以下に、Chainerのlstmクラス(具体的にはchainer.link.lstm)の処理を追いかけて作成したフローチャートを示します。xが入力、y(=h)が出力であり、下から上に向かって処理が進んでいく図になっています。なお、図内において文字で表記している項目(x(t)等)は列ベクトル、四角で囲っている項目(sigmoid等)はファンクション、●項目(sum等)は演算を示しています。またマゼンダの色はパラメータ要素がないこと、緑文字は過去の値を保持して再利用することを示しています。以下手順ごとに説明していきます。

x(t)とh(t-1)からlstm_in(t)を計算するまで

x(t)はlstmクラスへの入力であり、説明変数又は前段のNN(ニューラルネットワーク)の出力に相当するものです。Chainerでは行数1、列数が入力データの列数(n_input)と等しい列ベクトルとして扱われます(厳密にはバッチ学習する際はバッチが行要素として扱われるのですが、説明を簡略化するために以降は総てバッチ数1として扱います)。h(t-1)は、前回計算の出力値であり、前回時刻における目的変数又は後段のNNの入力に相当するものです。
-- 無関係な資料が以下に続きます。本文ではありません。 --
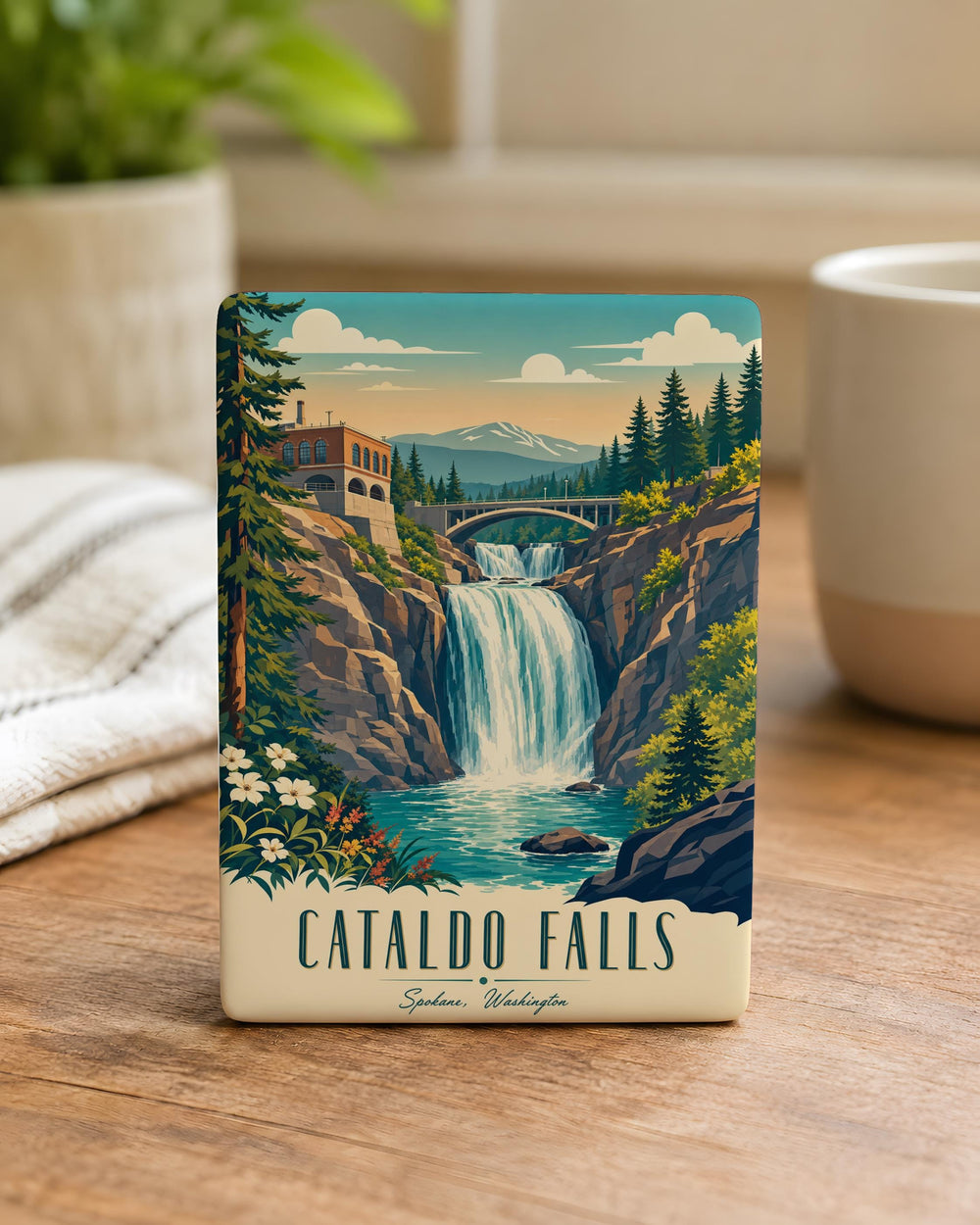Cataldo Falls Fridge Magnet, Idaho Waterfall Souvenir Magnet, Outdoor Nature Travel Keepsake, Scenic Landmark Refrigerator Magnet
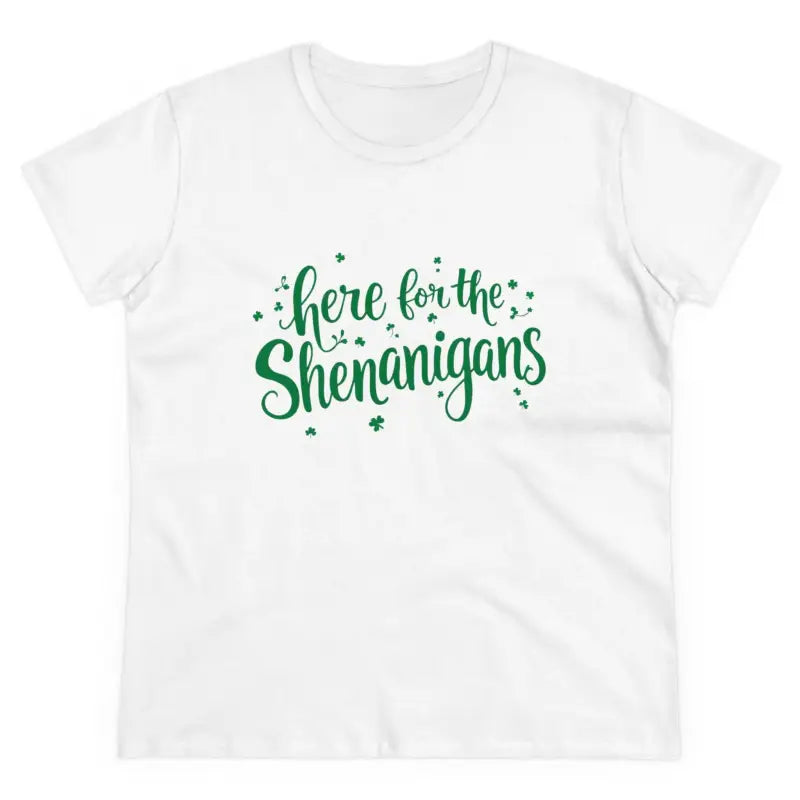 White Cotton T Shirt with Green Text for Women displayed on a neutral background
Chainerでは行数1、列数が出力データの列数(n_output)と等しい列ベクトルとして扱われます。
h(t-1)にはlateralオブジェクトのWとbを用いた線形変換を、x(t)にはupwardオブジェクトのWとbを用いた線形変換を適用し、共にサイズを1×(4×n_output)としてから和を計算するとlstm_in(t)となります。

変数名説明形状
x(t)lstmへの入力1×n_input
h(t-1)lstmの前回出力1×n_output
lstm_in(t)h(t-1)を含めたlstmへの入力1×(4×n_output)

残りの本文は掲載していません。